I have this Spark table:
xydata
y: num 11.00 22.00 33.00 ...
x0: num 1.00 2.00 3.00 ...
x1: num 2.00 3.00 4.00 ...
...
x788: num 2.00 3.00 4.00 ...
and a handle named xy_df that is connected to this table.
I want to invoke the selectExpr function to calculate the mean, something like:
xy_centered <- xy_df %>%
spark_dataframe() %>%
invoke("selectExpr", list("( y0-mean(y0) ) AS y0mean"))
which is also applicable to all other columns.
But when I run it, it gives this error:
Error: org.apache.spark.sql.AnalysisException: expression 'y0' is neither present in the group by, nor is it an aggregate function. Add to group by or wrap in first() (or first_value) if you don't care which value you get.;
I know this happens because, in common SQL rules, I didn't put a GROUP BY clause for columns contained in the aggregate function (mean). How do I put the GROUP BY to the invoke method?

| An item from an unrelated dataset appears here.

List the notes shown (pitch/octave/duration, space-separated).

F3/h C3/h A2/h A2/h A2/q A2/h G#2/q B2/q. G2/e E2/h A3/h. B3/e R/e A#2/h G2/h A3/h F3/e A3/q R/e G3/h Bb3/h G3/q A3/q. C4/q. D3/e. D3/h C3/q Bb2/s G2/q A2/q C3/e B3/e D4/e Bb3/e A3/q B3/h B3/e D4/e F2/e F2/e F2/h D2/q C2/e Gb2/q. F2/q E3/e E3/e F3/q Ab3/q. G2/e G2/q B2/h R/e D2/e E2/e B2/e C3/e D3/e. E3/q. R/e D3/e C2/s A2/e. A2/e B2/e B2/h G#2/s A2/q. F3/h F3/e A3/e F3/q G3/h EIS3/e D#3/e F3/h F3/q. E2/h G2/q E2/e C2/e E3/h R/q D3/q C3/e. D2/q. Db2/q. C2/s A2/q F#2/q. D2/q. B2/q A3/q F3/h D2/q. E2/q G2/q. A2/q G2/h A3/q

Previously, I manage to do complete the purpose using another way, which is by:
Calculate the mean of each column by summarize_all
Collect the mean inside R
Apply this mean using invoke and selectExpr
as explained in this answer, but now I'm trying to speed up the execution time a bit by putting all operation inside the Spark itself, without retrieving anything to R.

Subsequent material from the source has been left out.